[Start of Attachment]
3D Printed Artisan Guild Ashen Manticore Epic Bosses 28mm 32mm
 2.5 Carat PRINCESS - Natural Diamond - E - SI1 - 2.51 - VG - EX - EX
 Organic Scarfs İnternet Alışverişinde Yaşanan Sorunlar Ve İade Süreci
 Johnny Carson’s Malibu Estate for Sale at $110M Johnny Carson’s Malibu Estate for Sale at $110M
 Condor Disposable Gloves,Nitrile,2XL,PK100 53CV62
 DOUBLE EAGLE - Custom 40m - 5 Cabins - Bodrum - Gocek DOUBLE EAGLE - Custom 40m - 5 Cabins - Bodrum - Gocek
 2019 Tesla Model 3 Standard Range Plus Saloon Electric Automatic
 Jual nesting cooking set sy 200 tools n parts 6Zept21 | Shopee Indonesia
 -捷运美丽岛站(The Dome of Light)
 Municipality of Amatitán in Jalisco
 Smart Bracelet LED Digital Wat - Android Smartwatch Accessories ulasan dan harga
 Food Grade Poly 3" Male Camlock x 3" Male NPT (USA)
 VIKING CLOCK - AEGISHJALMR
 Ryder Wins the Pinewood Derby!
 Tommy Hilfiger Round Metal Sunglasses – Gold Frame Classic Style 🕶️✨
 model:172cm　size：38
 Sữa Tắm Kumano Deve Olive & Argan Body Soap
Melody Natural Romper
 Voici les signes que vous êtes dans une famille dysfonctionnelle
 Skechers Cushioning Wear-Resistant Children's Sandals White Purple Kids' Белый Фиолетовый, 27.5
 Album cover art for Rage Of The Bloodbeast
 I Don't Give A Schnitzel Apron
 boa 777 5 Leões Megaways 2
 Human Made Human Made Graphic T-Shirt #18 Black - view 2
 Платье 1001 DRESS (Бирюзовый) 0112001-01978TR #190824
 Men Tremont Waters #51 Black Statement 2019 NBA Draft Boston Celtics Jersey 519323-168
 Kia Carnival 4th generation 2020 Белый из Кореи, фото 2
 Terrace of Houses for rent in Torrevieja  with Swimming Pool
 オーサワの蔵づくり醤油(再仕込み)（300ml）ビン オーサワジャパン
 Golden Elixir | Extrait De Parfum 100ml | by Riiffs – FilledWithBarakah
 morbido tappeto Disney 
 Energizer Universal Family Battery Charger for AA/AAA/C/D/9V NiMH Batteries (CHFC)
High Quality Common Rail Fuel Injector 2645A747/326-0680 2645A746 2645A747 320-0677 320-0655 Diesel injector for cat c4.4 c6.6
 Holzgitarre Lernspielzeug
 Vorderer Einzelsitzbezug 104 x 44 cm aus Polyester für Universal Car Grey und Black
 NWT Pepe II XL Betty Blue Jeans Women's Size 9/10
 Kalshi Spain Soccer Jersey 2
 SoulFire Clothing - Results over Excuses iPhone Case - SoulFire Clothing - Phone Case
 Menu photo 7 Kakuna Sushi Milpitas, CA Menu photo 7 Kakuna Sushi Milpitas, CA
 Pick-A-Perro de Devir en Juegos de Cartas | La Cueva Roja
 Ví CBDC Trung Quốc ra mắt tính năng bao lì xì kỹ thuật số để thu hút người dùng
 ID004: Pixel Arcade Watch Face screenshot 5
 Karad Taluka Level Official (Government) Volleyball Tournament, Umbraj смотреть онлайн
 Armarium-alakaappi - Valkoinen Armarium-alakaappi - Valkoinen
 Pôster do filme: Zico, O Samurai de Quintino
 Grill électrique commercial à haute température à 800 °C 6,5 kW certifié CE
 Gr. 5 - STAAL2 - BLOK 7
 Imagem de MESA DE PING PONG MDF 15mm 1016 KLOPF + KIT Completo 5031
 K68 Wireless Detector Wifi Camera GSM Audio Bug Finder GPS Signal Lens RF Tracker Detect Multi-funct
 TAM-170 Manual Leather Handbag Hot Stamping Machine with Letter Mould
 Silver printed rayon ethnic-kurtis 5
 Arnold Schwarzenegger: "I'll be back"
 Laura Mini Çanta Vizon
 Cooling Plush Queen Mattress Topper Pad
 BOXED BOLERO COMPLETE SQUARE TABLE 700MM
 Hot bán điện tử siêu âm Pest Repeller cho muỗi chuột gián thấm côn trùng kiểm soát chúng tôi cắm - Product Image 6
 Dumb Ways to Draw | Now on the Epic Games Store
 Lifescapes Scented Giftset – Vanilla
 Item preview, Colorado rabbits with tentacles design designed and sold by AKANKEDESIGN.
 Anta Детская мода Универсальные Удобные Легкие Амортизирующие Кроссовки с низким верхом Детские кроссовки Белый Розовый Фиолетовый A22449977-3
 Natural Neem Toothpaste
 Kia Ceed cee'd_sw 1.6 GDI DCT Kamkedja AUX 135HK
[End of Attachment]
» **Assignment**
Using the records above, write out exactly the lines between the one holding "Melody Natural Romper" and the one holding "boa 777 5 Leões Megaways 2", inclusive; leave everything else out.

» **Task answer**
Melody Natural Romper
 Voici les signes que vous êtes dans une famille dysfonctionnelle
 Skechers Cushioning Wear-Resistant Children's Sandals White Purple Kids' Белый Фиолетовый, 27.5
 Album cover art for Rage Of The Bloodbeast
 I Don't Give A Schnitzel Apron
 boa 777 5 Leões Megaways 2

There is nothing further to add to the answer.